- _Data extracted from a collection_:
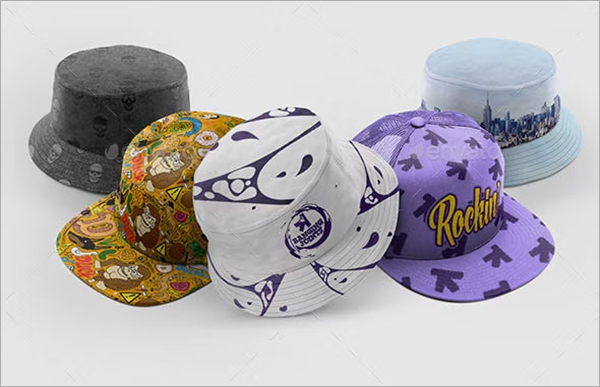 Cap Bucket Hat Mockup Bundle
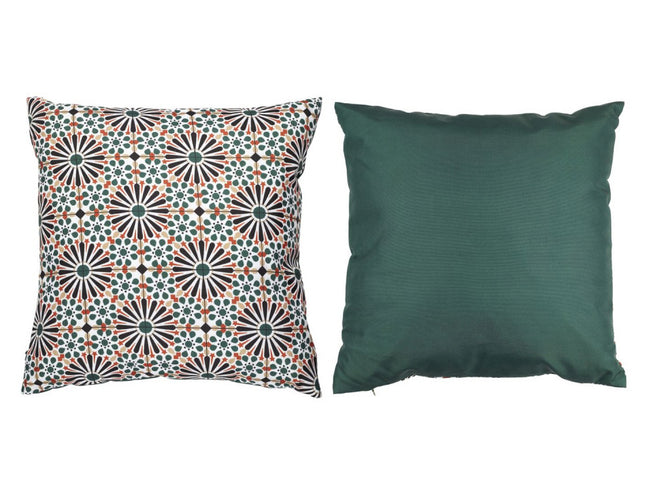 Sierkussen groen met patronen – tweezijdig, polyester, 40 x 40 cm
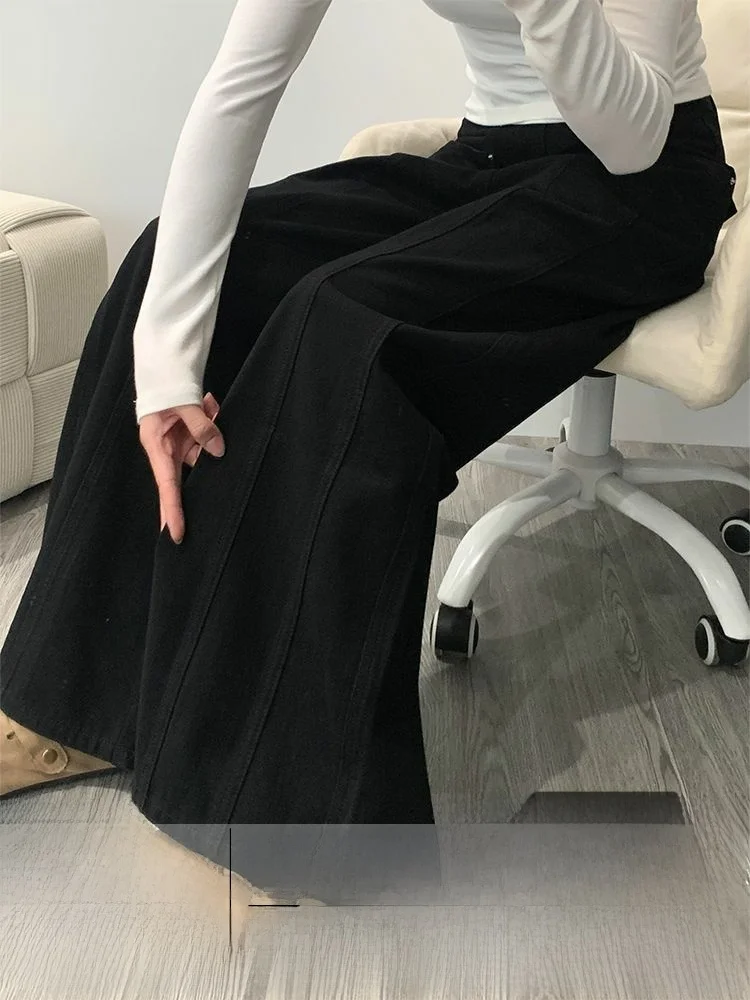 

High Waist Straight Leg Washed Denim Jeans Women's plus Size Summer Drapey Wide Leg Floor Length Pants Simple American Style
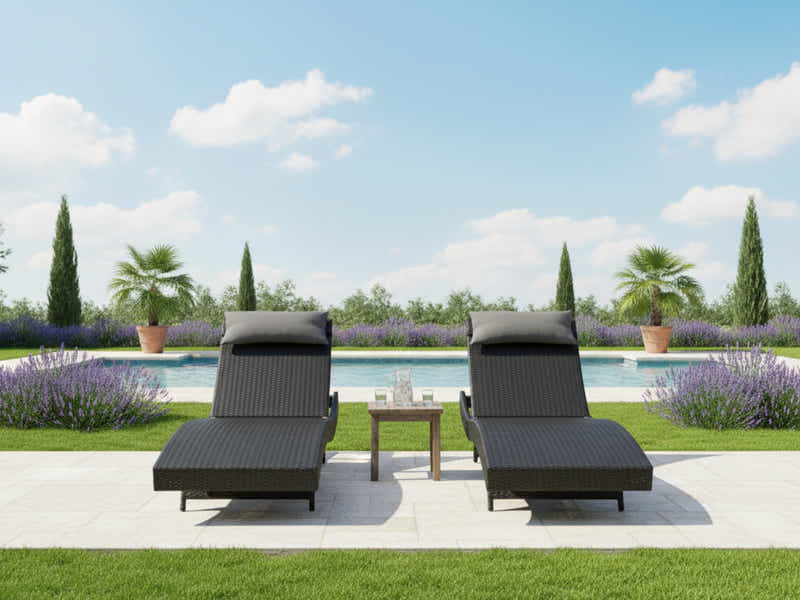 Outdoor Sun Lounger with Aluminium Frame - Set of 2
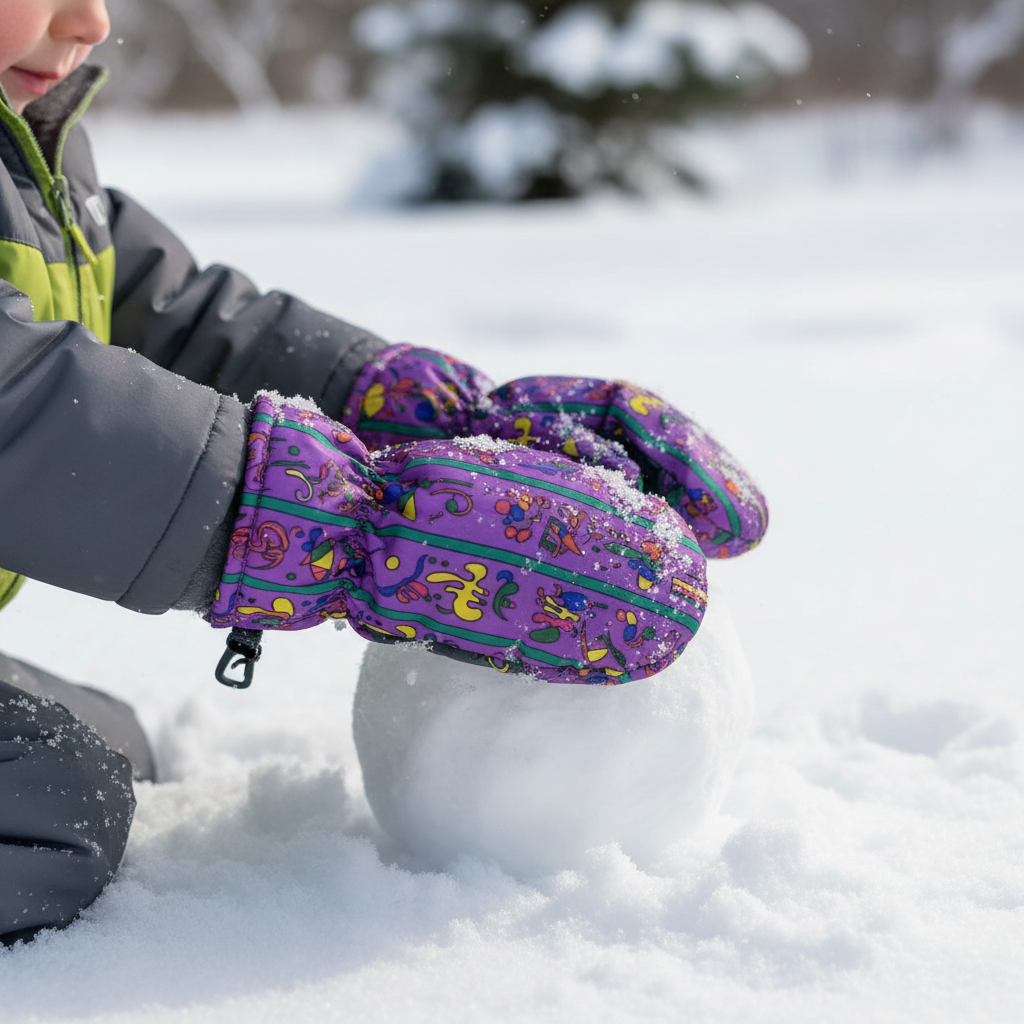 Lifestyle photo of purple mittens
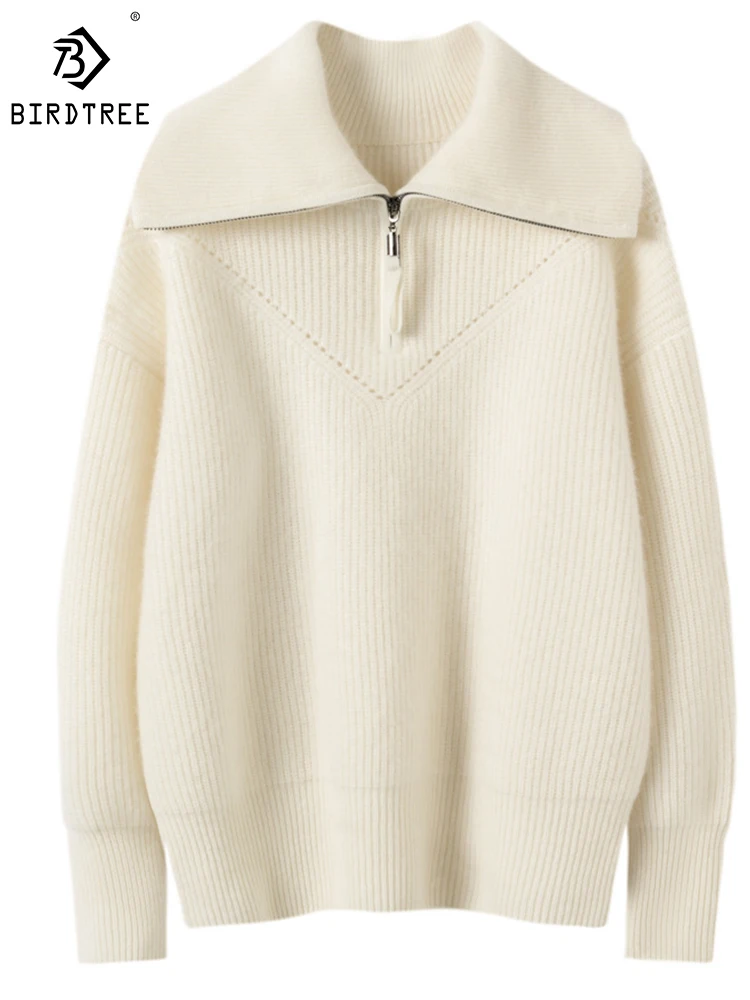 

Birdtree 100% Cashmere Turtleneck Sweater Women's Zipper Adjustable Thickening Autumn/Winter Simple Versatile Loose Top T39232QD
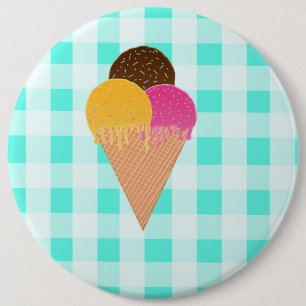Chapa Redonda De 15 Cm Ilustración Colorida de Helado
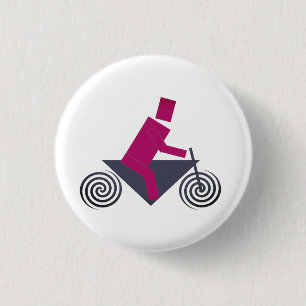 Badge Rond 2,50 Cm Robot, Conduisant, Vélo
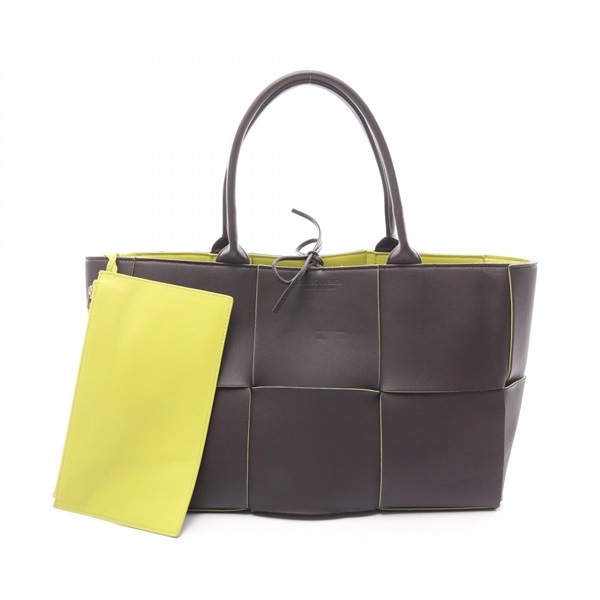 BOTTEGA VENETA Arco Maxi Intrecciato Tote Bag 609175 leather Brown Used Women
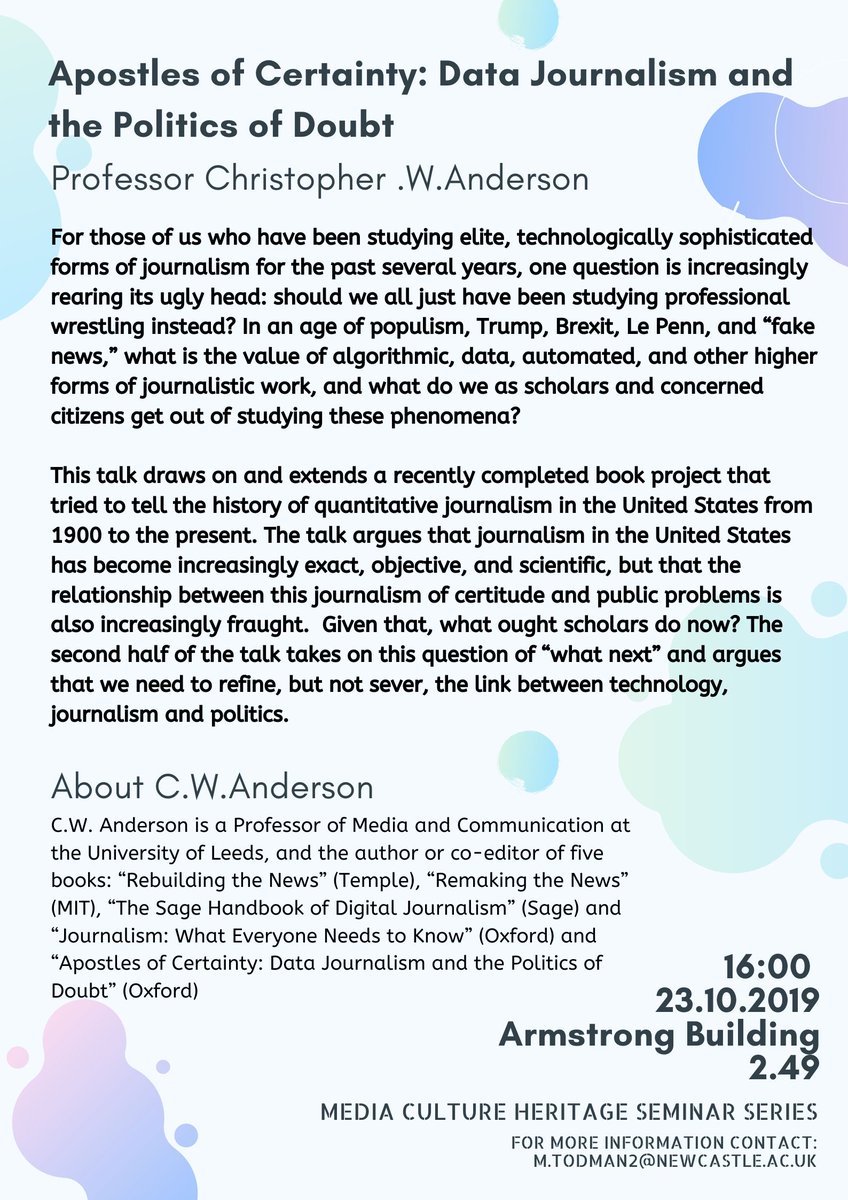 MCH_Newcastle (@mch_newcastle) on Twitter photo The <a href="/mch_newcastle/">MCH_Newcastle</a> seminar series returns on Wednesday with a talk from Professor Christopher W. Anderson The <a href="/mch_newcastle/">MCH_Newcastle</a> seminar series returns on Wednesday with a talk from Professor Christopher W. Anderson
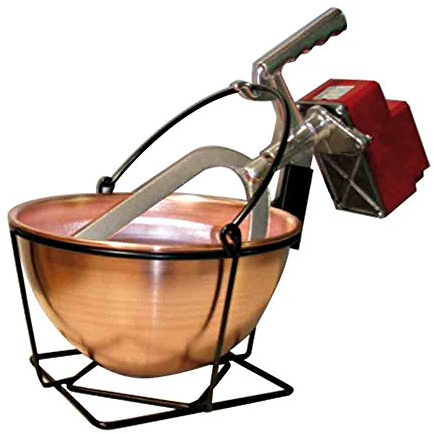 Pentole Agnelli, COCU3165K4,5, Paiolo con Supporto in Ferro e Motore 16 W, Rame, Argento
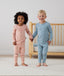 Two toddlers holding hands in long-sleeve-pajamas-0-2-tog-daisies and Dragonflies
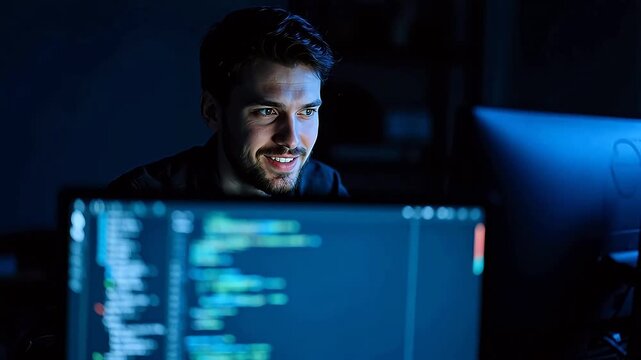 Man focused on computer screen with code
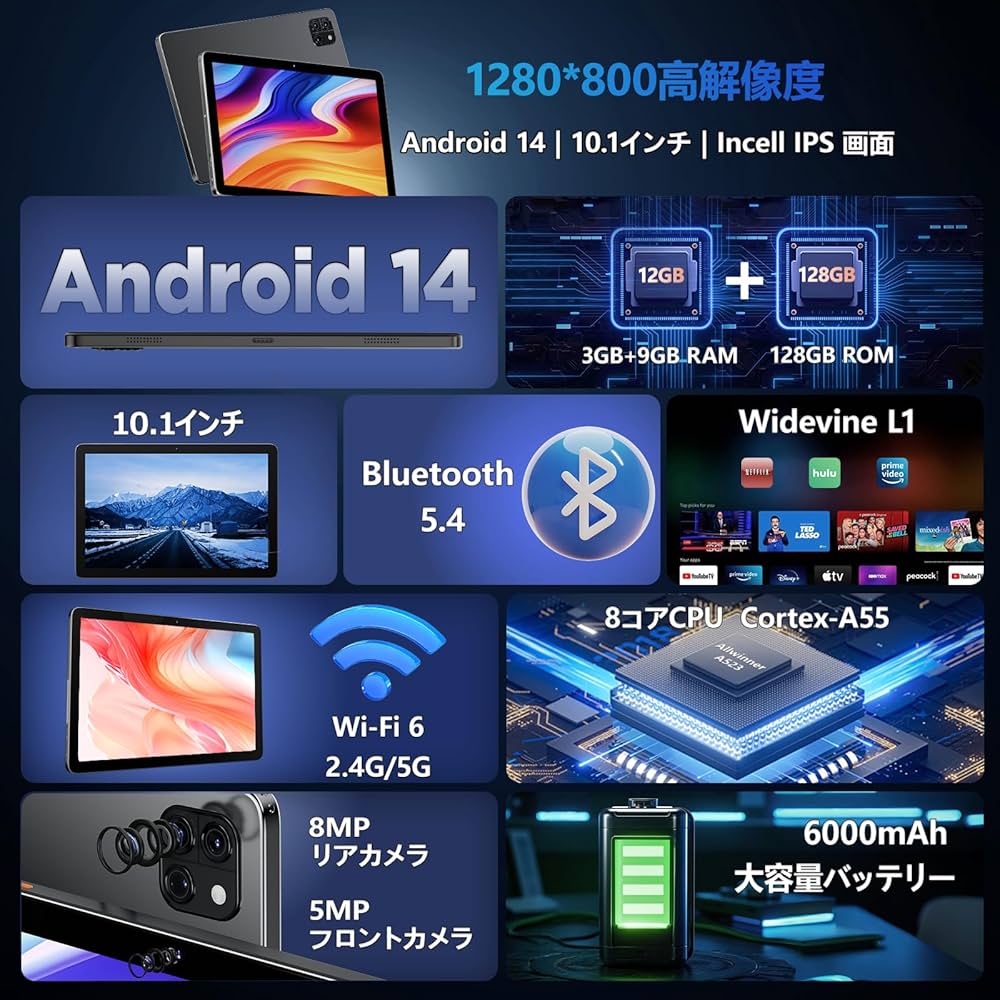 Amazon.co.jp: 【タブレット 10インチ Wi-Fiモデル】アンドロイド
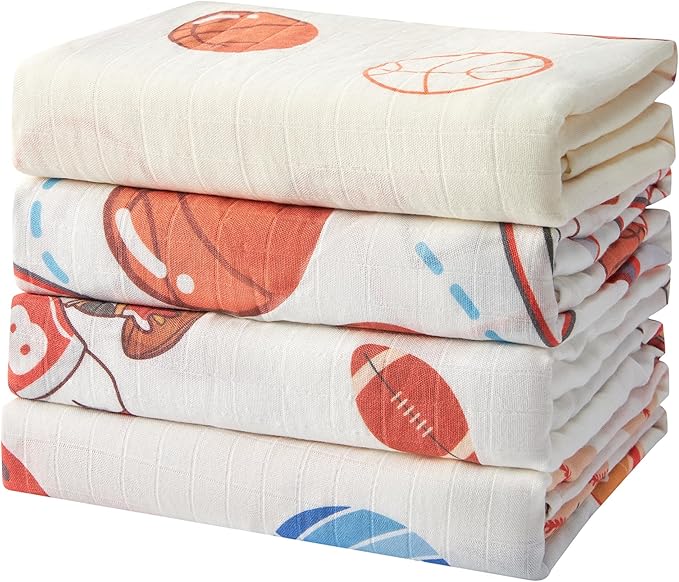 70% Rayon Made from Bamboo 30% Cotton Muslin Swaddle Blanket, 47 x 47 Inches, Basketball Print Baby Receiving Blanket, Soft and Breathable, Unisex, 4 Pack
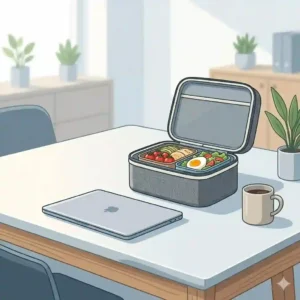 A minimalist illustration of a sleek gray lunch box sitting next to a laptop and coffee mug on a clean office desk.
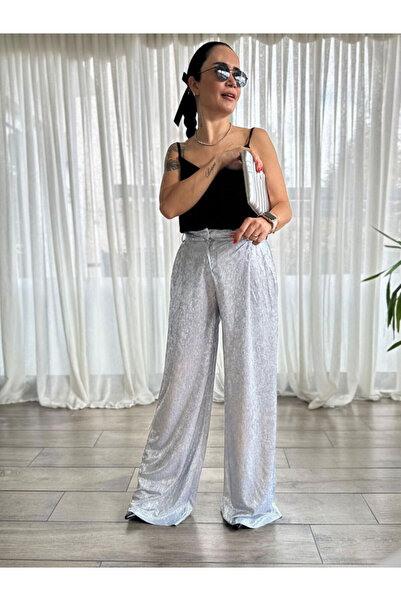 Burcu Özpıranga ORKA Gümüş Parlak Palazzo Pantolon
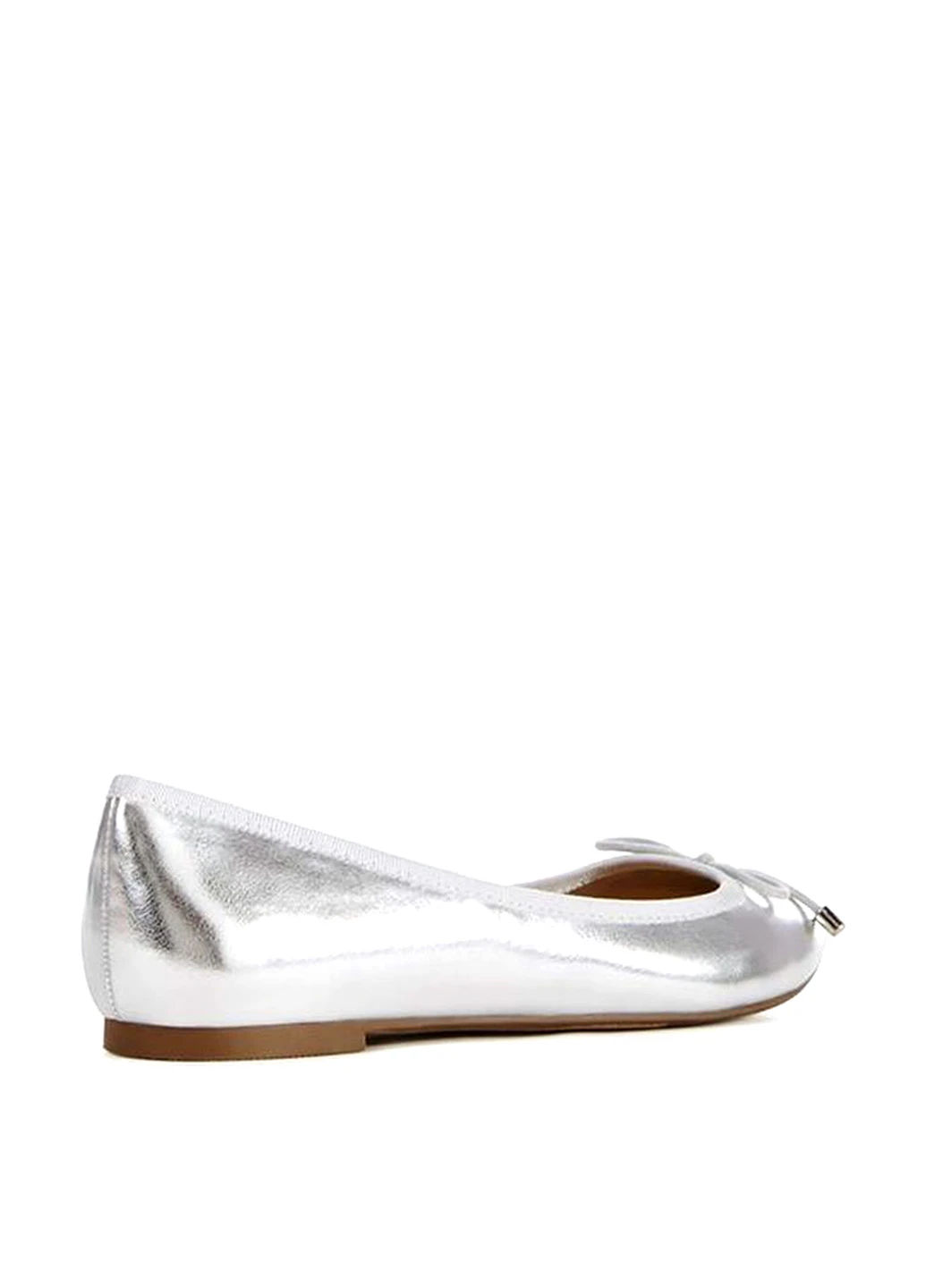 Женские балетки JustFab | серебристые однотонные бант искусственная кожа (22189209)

- _What to work on_: Every line above is to be duplicated exactly; no picture should be carried over.

- _Solution for this problem_:
 Cap Bucket Hat Mockup Bundle
 Sierkussen groen met patronen – tweezijdig, polyester, 40 x 40 cm

High Waist Straight Leg Washed Denim Jeans Women's plus Size Summer Drapey Wide Leg Floor Length Pants Simple American Style
 Outdoor Sun Lounger with Aluminium Frame - Set of 2
 Lifestyle photo of purple mittens

Birdtree 100% Cashmere Turtleneck Sweater Women's Zipper Adjustable Thickening Autumn/Winter Simple Versatile Loose Top T39232QD
Chapa Redonda De 15 Cm Ilustración Colorida de Helado
 Badge Rond 2,50 Cm Robot, Conduisant, Vélo
 BOTTEGA VENETA Arco Maxi Intrecciato Tote Bag 609175 leather Brown Used Women
 MCH_Newcastle (@mch_newcastle) on Twitter photo The <a href="/mch_newcastle/">MCH_Newcastle</a> seminar series returns on Wednesday with a talk from Professor Christopher W. Anderson The <a href="/mch_newcastle/">MCH_Newcastle</a> seminar series returns on Wednesday with a talk from Professor Christopher W. Anderson
 Pentole Agnelli, COCU3165K4,5, Paiolo con Supporto in Ferro e Motore 16 W, Rame, Argento
 Two toddlers holding hands in long-sleeve-pajamas-0-2-tog-daisies and Dragonflies
 Man focused on computer screen with code
 Amazon.co.jp: 【タブレット 10インチ Wi-Fiモデル】アンドロイド
 70% Rayon Made from Bamboo 30% Cotton Muslin Swaddle Blanket, 47 x 47 Inches, Basketball Print Baby Receiving Blanket, Soft and Breathable, Unisex, 4 Pack
 A minimalist illustration of a sleek gray lunch box sitting next to a laptop and coffee mug on a clean office desk.
 Burcu Özpıranga ORKA Gümüş Parlak Palazzo Pantolon
 Женские балетки JustFab | серебристые однотонные бант искусственная кожа (22189209)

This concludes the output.